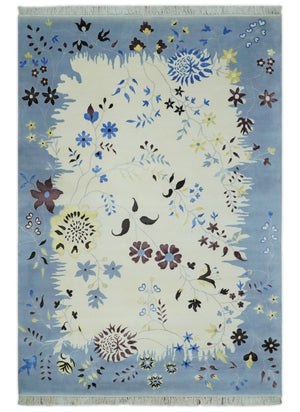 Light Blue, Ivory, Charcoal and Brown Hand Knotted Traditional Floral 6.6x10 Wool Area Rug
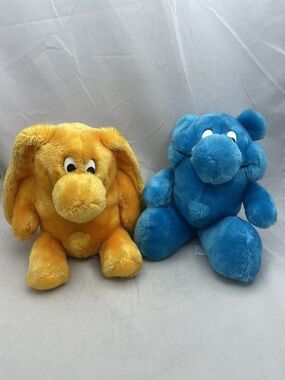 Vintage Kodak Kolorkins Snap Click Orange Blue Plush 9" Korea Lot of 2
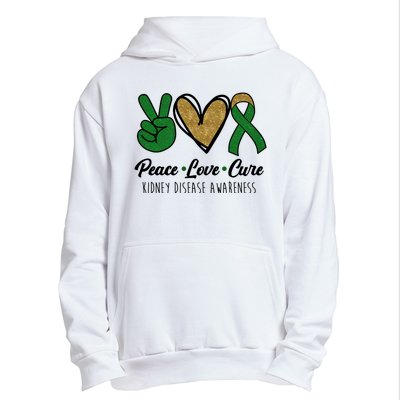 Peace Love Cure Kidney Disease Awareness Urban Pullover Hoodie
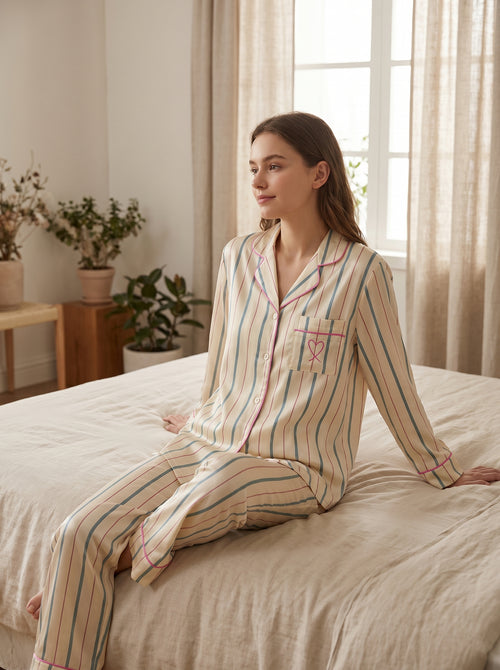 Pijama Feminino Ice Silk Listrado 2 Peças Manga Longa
····················
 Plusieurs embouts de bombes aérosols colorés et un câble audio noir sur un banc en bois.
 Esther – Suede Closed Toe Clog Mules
····················
Exercise - Starting with the line that has "Light Blue, Ivory, Charcoal" and going on through the line that has "Pijama Feminino Ice", transcribe the records above exactly, but skip the pictures.

Result of the task -
 Light Blue, Ivory, Charcoal and Brown Hand Knotted Traditional Floral 6.6x10 Wool Area Rug
 Vintage Kodak Kolorkins Snap Click Orange Blue Plush 9" Korea Lot of 2
 Peace Love Cure Kidney Disease Awareness Urban Pullover Hoodie
 Pijama Feminino Ice Silk Listrado 2 Peças Manga Longa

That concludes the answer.